Ali Darassa, commandant du groupe rebelle identifié par des témoins comme étant responsable de ces meurtres, l’Union pour la Paix en Centrafrique (UPC), a rejeté ces allégations avec véhémence. « Ces accusations ont été lancées contre moi et mes hommes par le passé et pourtant regardez, je suis toujours là », a-t-il déclaré. « Je n’ai pas été arrêté. »
Depuis que le pays a sombré dans des violences politiques et communautaires en 2013, causant des milliers de morts parmi les civils, personne n’a fait l’objet de poursuites pour crimes graves. Toutes les parties au conflit ont commis des exécutions et des violences sexuelles.

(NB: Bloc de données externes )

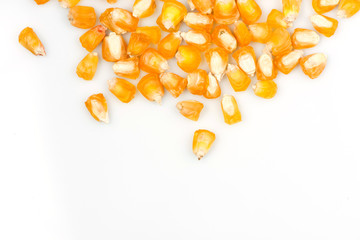 corn seeds close-up. sweet corn grains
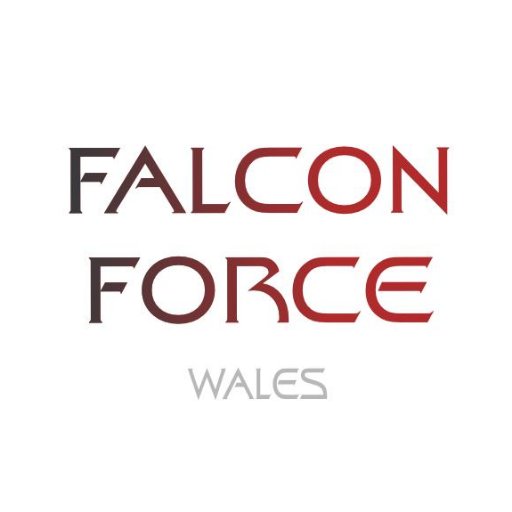 All-girls Ysgol Brynrefail F1 Team. Represented Wales in the F1 in Schools World Finals in Malaysia 2017🇲🇾 Business Enquiries- teamfalconbrynrefail@gmail.com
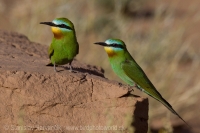 Včelárik modrolíci - Merops persicus - Blue-cheeked Bee-eater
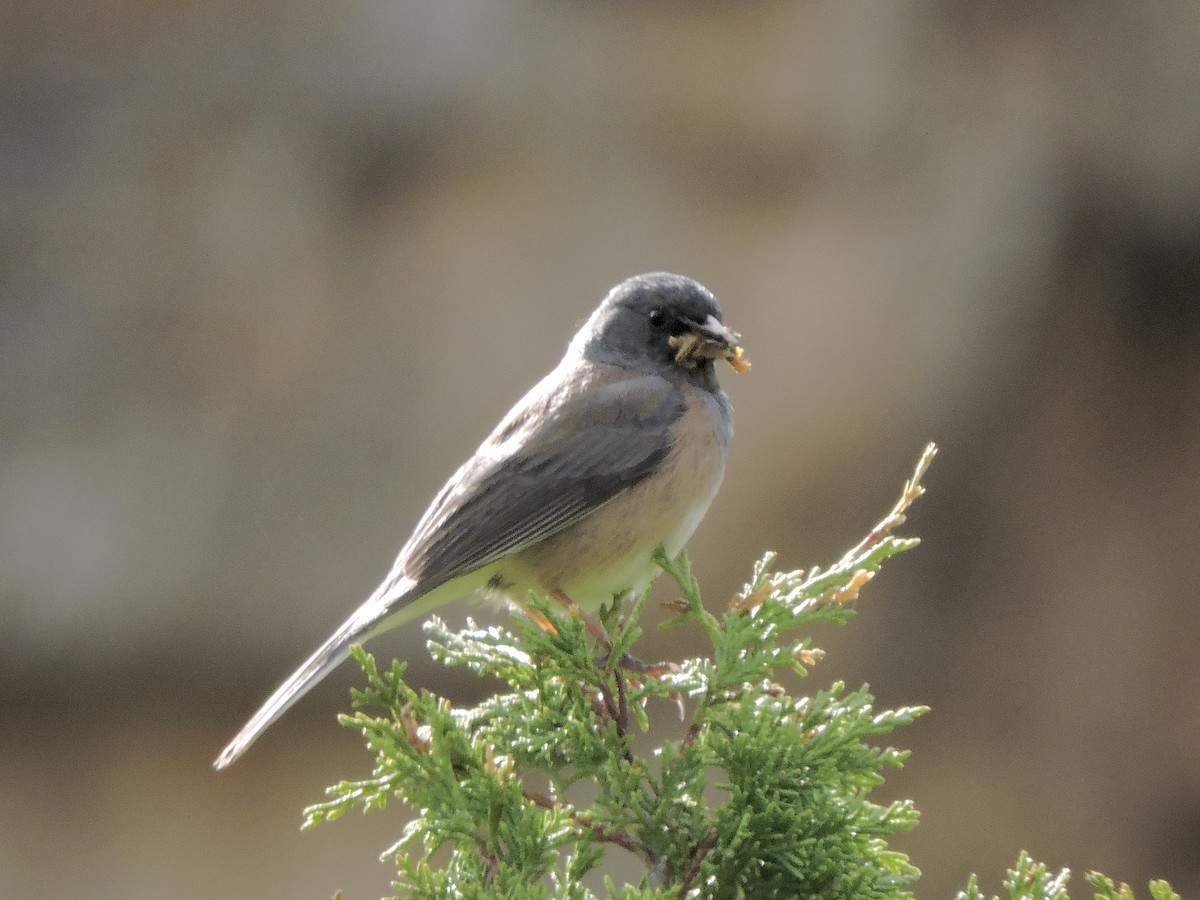 Dark-eyed Junco (Pink-sided) - ML637486353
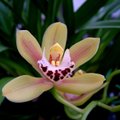 Orchidėjos, kurios žydi tik vėsiuose kambariuose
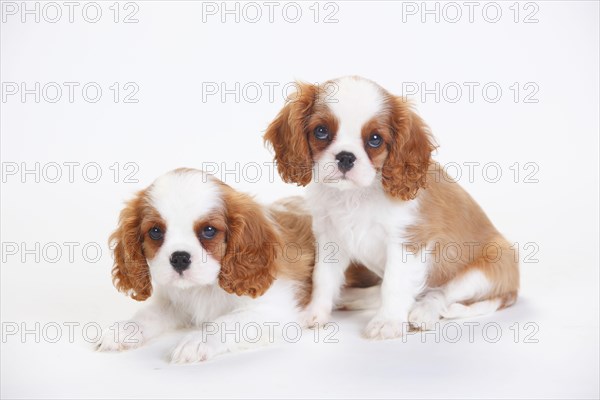 Cavalier King Charles Spaniel
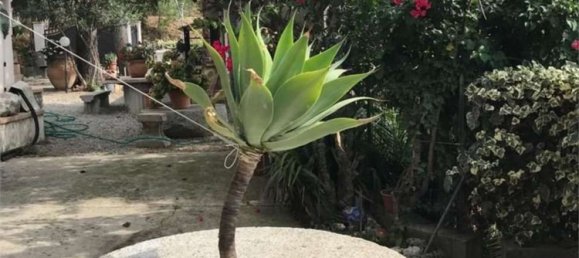 10-salle Villa à Grotteria, Italy No. 13539 19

Depuis la semaine dernière, toutefois, Darassa et ses pareils devraient se sentir moins tranquilles. Le 15 février en effet, le Président de la RCA a désigné Toussaint Muntazini Mukimapa, de la République démocratique du Congo, comme procureur spécial d’une nouvelle Cour pénale spéciale (CPS). Après des années d’impunité, cette cour offre une véritable chance que les commandants responsables de crimes soient traduits en justice dans le pays.
La CPS, dotée d’un personnel national et international, a pour mandat de mener des enquêtes et des poursuites pour les crimes les plus graves commis en RCA depuis 2003. Elle travaillera en partenariat avec la Cour pénale internationale, qui a pour mandat de poursuivre les crimes commis depuis août 2012, mais qui ne pourra se consacrer qu’à une poignée de suspects de haut niveau.

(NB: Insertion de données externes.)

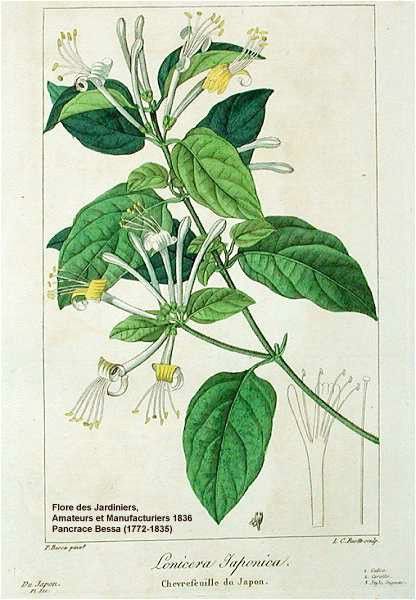 Lonicera Japonica, Jasmine Tattoo, Japanese Honeysuckle, Arabian Jasmine, Jasminum Sambac, Filipino Tattoos, Illustration Flower, Floral Tattoos, Wolves And Women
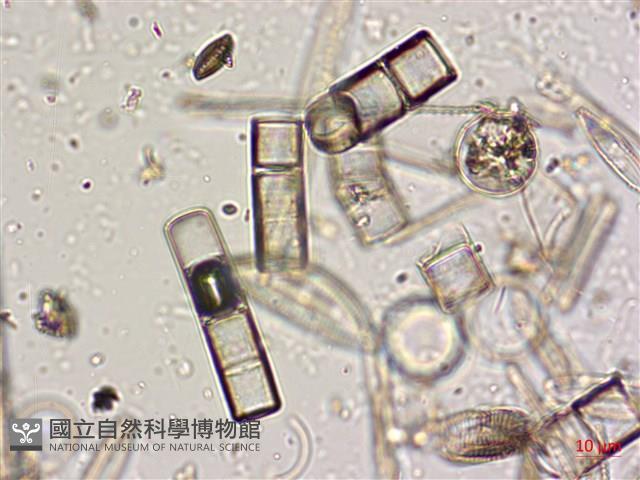 登錄號:A00004574藏品圖，第4張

Les progrès dans la mise en place de la CPS ont été lents, mais les partenaires internationaux ont fourni des fonds initiaux, et la désignation du procureur général est un pas en avant crucial. Il s’agira ensuite de désigner rapidement les juges et d’autres membres du personnel de la Cour, et de lui assurer un soutien financier à long terme.
Cette cour aidera à briser le cycle d’impunité qui a laissé de nombreux groupes armés libres de tuer à volonté.
Une femme qui a fui de Bakala après que son mari a été exécuté a clairement expliqué le problème. « Si ceux qui ont tué mon mari sont autorisés à continuer de tuer, comment pouvons-nous rentrer chez nous ? » a-t-elle demandé. « Ils doivent arrêter de tuer. Ils doivent savoir qu’ils auront à subir des conséquences. »
La désignation du procureur général est une étape vers l’application de ces conséquences. Cela pourrait rapprocher le pays de la paix.